======== WORKING DATA

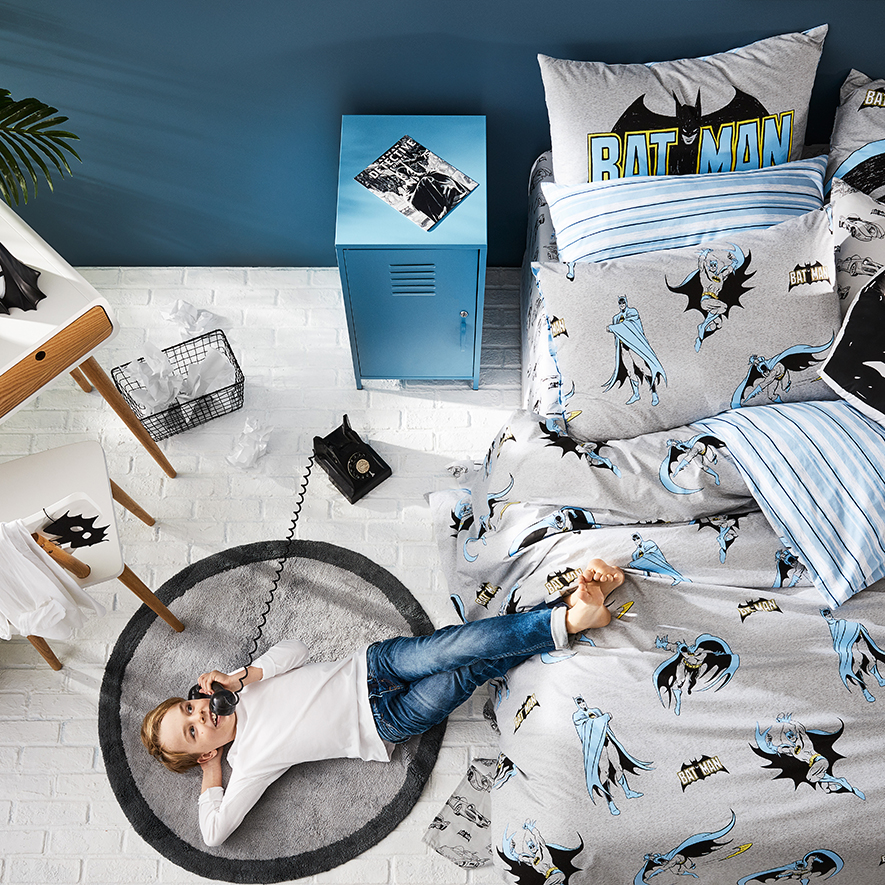 Batman hot sale duvet cover
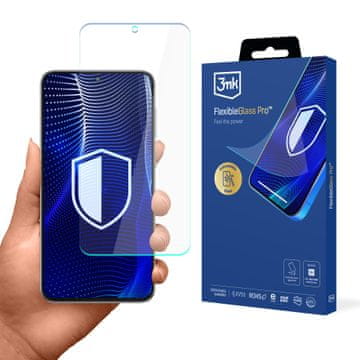 3MK Samsung Galaxy M56 - 3mk fleksibilno steklo Pro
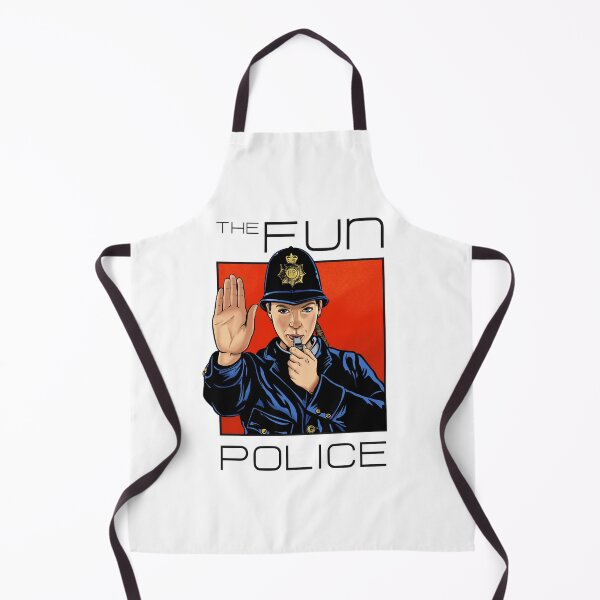 Item preview, The Fun Police (Female, colour) designed and sold by VisualEvolution.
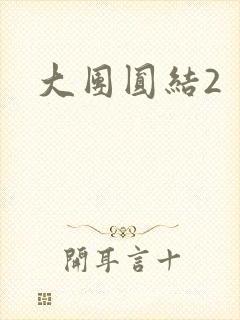 大团圆结2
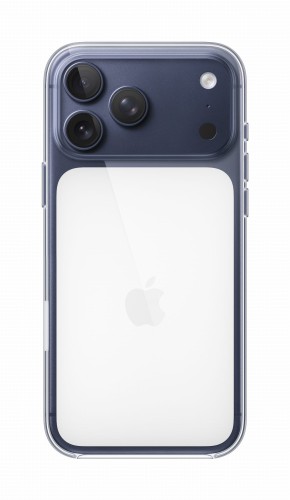 Etui przezroczyste z MagSafe Apple do iPhone 17 Pro Max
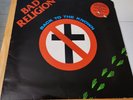 Bad Religion: Back To The Known 1984 Vinyl LP Epitaph EPI-BREP-2 RARE
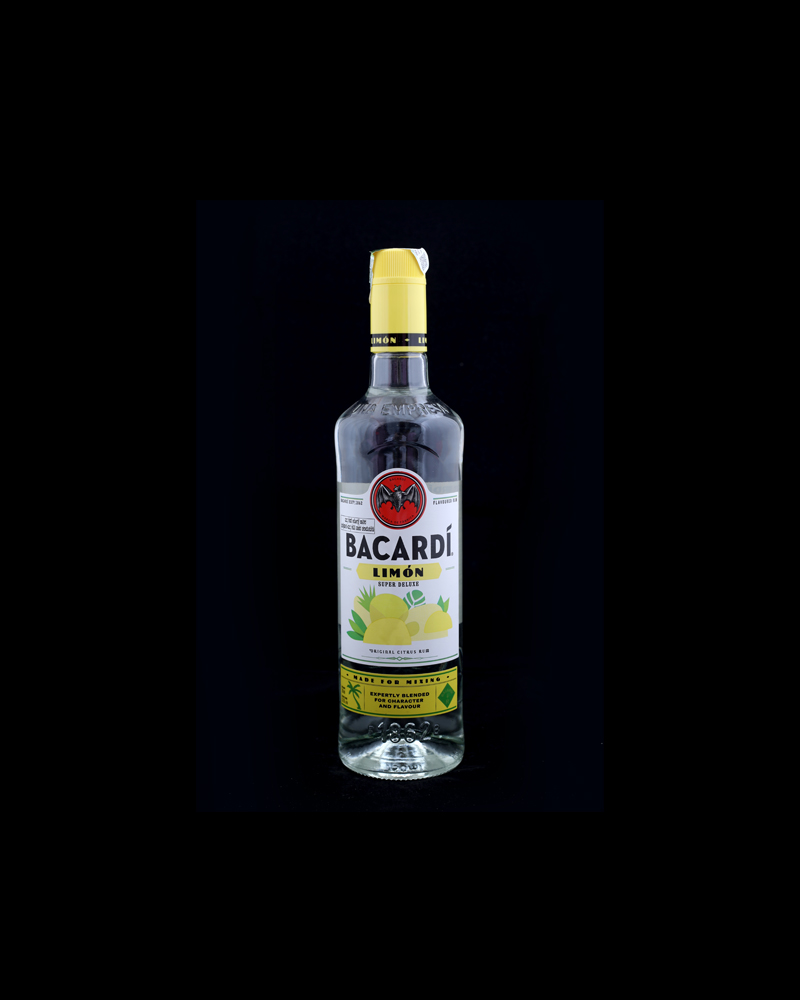 BACARDI LEMON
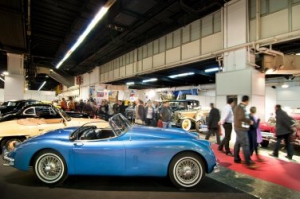 Clásicos: Auto Retro Barcelona 2010: Lleno, al cien por cien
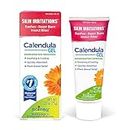 Boiron Calendula Gel Relief from Rashes, Skin Irritations, Razor Burn, Insect Bites, or Sunburns - Non-Greasy and Fragrance-Free - 2.6 oz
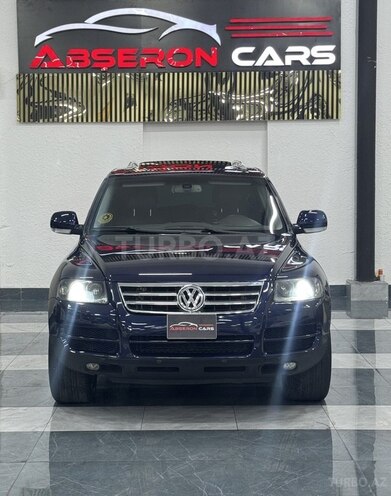 Volkswagen Touareg 2004, 318,000 km - 3.2 l - Sumqayıt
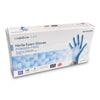 McKesson Confiderm 2.8C Nitrile Exam Gloves, Extra Large, Ocean Blue (1000/CS)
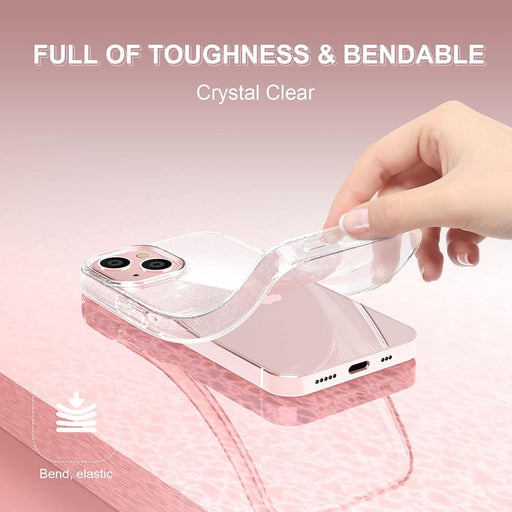 Funda brillante con purpurina para iPhone 11 PRO MAX - Quierox - Tienda Online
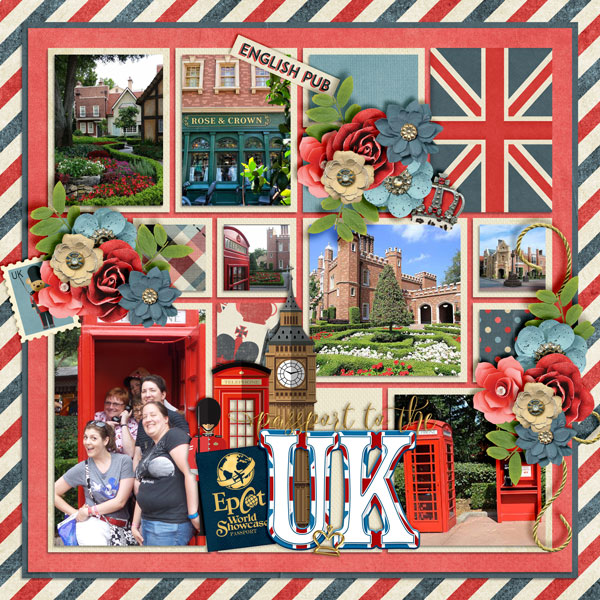 Passport-To-The-UK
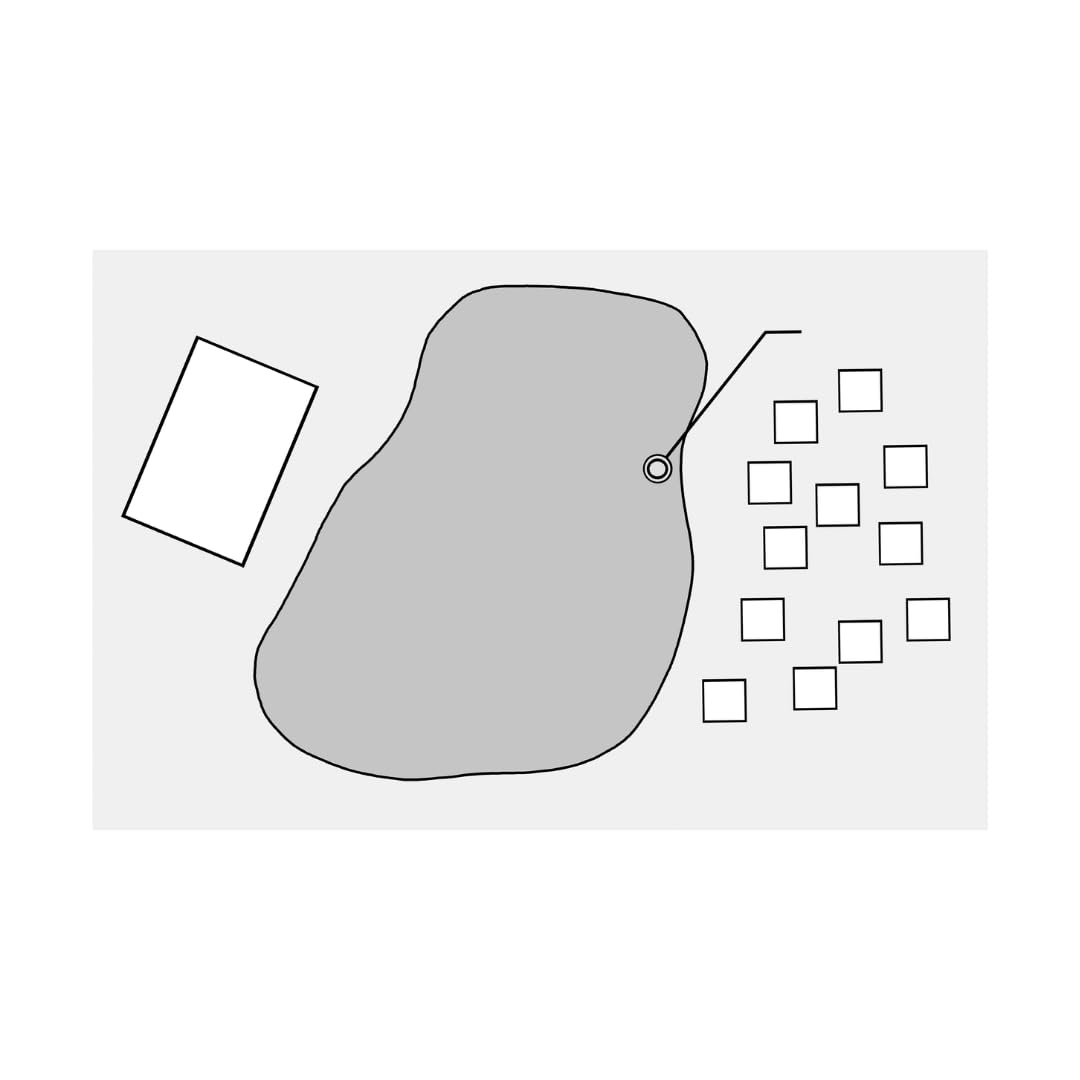 Strange Buildings: A Novel by Uketsu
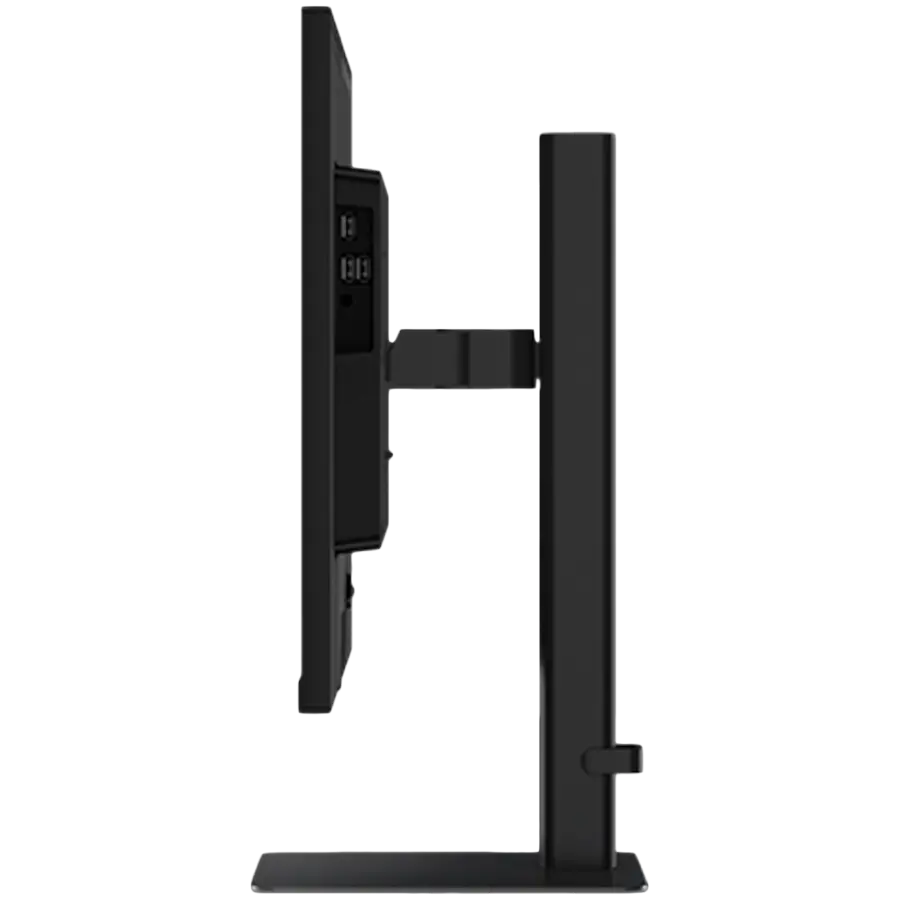 Monitor LED Samsung LS32D600EAUXEN S60D, 32" FHD FLAT 16:9 (2560x1440) IPS 100Hz, 350 cd/m2, 1000:1, 5ms, 178/178, 1xDP, 1xHDMI USB-Hub 3xUSB3.0, 3.5 Jack, Tilt/Pivot/Swivel/HeightAdj (120mm), VESA 100x100, 2Y - image 2
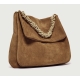 ORCIANI borsa in nabuck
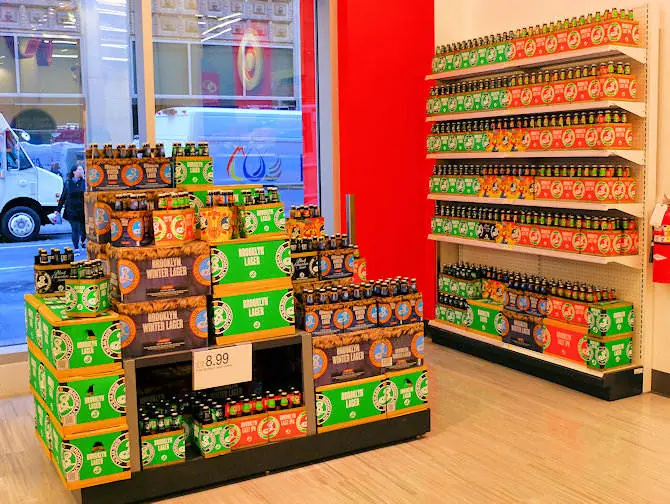 Supermarkeder i New York - Target New York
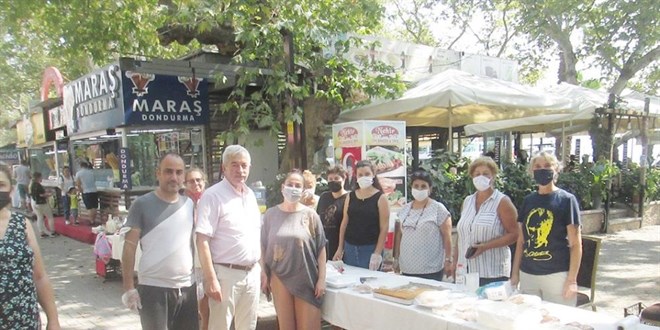 Lenfoma tedavisi gören öğretmene yardım kampanyası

================

TASK TO CARRY OUT ▸ Give back word for word the lines from the one containing "McKesson Confiderm 2.8C" through the final line of the data above. Pictures are to be left out.

EXPECTED ANSWER ▸
 McKesson Confiderm 2.8C Nitrile Exam Gloves, Extra Large, Ocean Blue (1000/CS)
 Funda brillante con purpurina para iPhone 11 PRO MAX - Quierox - Tienda Online
 Passport-To-The-UK
 Strange Buildings: A Novel by Uketsu
 Monitor LED Samsung LS32D600EAUXEN S60D, 32" FHD FLAT 16:9 (2560x1440) IPS 100Hz, 350 cd/m2, 1000:1, 5ms, 178/178, 1xDP, 1xHDMI USB-Hub 3xUSB3.0, 3.5 Jack, Tilt/Pivot/Swivel/HeightAdj (120mm), VESA 100x100, 2Y - image 2
 ORCIANI borsa in nabuck
 Supermarkeder i New York - Target New York
 Lenfoma tedavisi gören öğretmene yardım kampanyası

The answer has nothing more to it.